What do we take to heart from the vast expanse of the Jewish history and of the American history that we study? What do we choose to raise up to the level of a celebration? How do we learn from and celebrate both people and events even when we are aware that they may not have been perfectly reflective of the achievement of our highest goals and ideals?
Today, Juneteenth becomes a national holiday. Recognition of the importance of this day comes along with the realization that there is more work to be done to achieve the freedom and equality that was envisioned in those who celebrated it for the first time in 1865. Yet, today, we celebrate!
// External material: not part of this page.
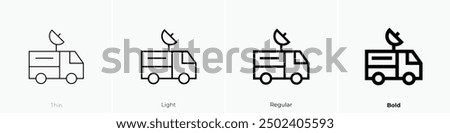 mobile unit icon. Thin, Light Regular And Bold style design isolated on white background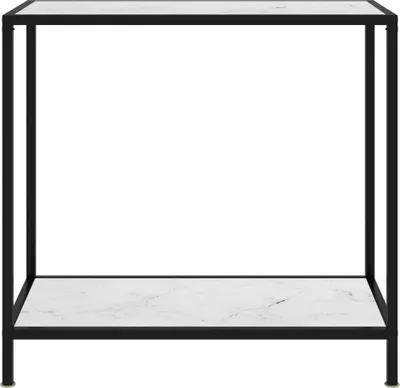 Obrázok produktu pre vidaXL Konzolový stôl biely 80x35x75 cm Tvrdené sklo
Sunday, we celebrate Father’s Day. We don’t wait to celebrate this day until all fathers collectively and individually embody the ideal that Father’s Day represents. We celebrate the ideal, and we celebrate the individuals, even though some may have passed away and some may still be less than “perfect.” Yet, this weekend, we celebrate!
We can learn a lot about all of this from our weekly Torah portion of Chukat. In our parsha we learn of the death of Miriam and of Aaron, and of the decision God made not to allow Moses to lead our people into the Promised Land. We are reminded of the humanity, of the frailties, and of the failures of our ancestors and of our leaders. Yet, despite all of that, we rightly remember them as great leaders of our people, as teachers of Torah, as role models (for the most part) for all of us. Thanks to their efforts, we derive our most cherished values and teachings thanks to the efforts of those ancestors who envisioned a world far better than the world they lived in and far better than the world we live in today.
So, this weekend, let us celebrate this Shabbat, Juneteenth, and Father’s Day, with the understanding that great things have happened in the past, that these special days remind us that change is possible, and that we can look forward to more progress in the future, as we build on the lessons learned from our vast expanse of history, both Jewish and American.